これだけ役割がキチンと決まっていると、人間の会社社会に似ていると感じた方も多いのではないでしょうか?高崎山で1時間半ほど観察してきましたが、お互いの毛繕いをしたり、子ザルと遊んでいる和やかな猿がいる一方で、あちこちでちょっとした小競り合いや、大声を上げて威嚇?をしている猿もいて、平穏ばかりではない様子でした。一部の猿は私に対して威嚇したり、かばんを取ろうとする猿もいて、人間に対して警戒心のある猿とそうでない猿が共存して、ニホンザル社会はなかなか奥が深いと感じた次第です。

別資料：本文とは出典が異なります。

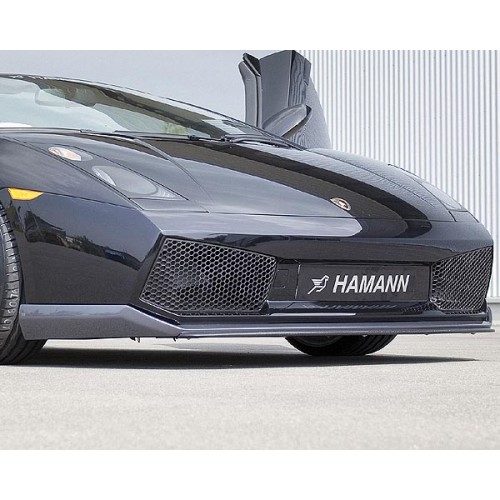 Εμπρόσθιο σπόιλερ Hamann για Lamborghini Gallardo Coupé/ Spyder Εμπρόσθιο σπόιλερ Hamann για Lamborghini Gallardo Coupé/ Spyder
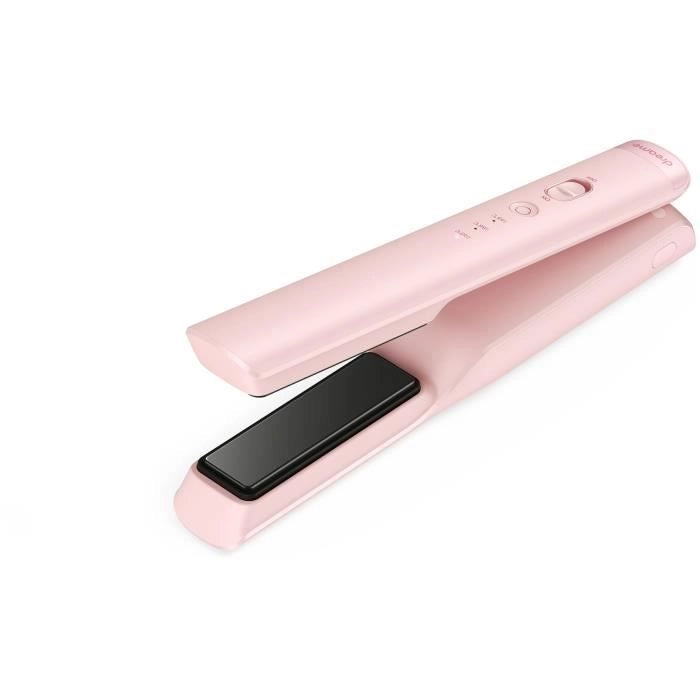 Piastra per capelli senza filo - DREAME Hair Glamour - Rosa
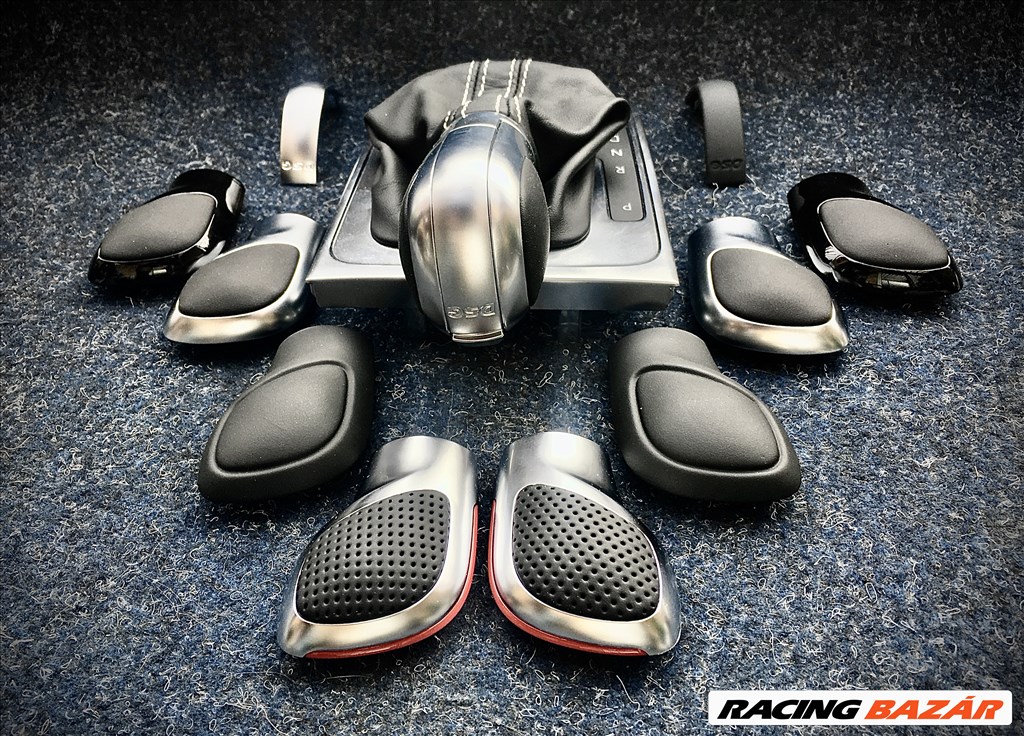 Eladó Vw, volkswagen mk7-es hibátlan műanyag és bőr  kormány. 2013-22. Akár cserélve. Bp/posta 14. kép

そんな高崎山自然動物園ですが、現在ニホンザルの群れはB群とC群の2つにそれぞれ650~700頭程度の猿がいるそうです。ところが最近C群の有力なオス猿たちが、メス猿を求めてB群にこぞって移籍が相次ぎ、B群とC群の出生数に大きな差が出てきているそうです。実は2002年までは「A群」という群れが存在していたそうですが、同様の形で群れを離れて移籍する猿が相次ぎ、最後はC群に追いやられる形で姿を消したとのこと。そのためその時と同様に、このままでは将来C群がなくなりB群だけになってしまうのでは?と動物園関係者が危惧している模様です。

吸収?合併?・・・・このあたりも人間の会社社会にそっくりですね。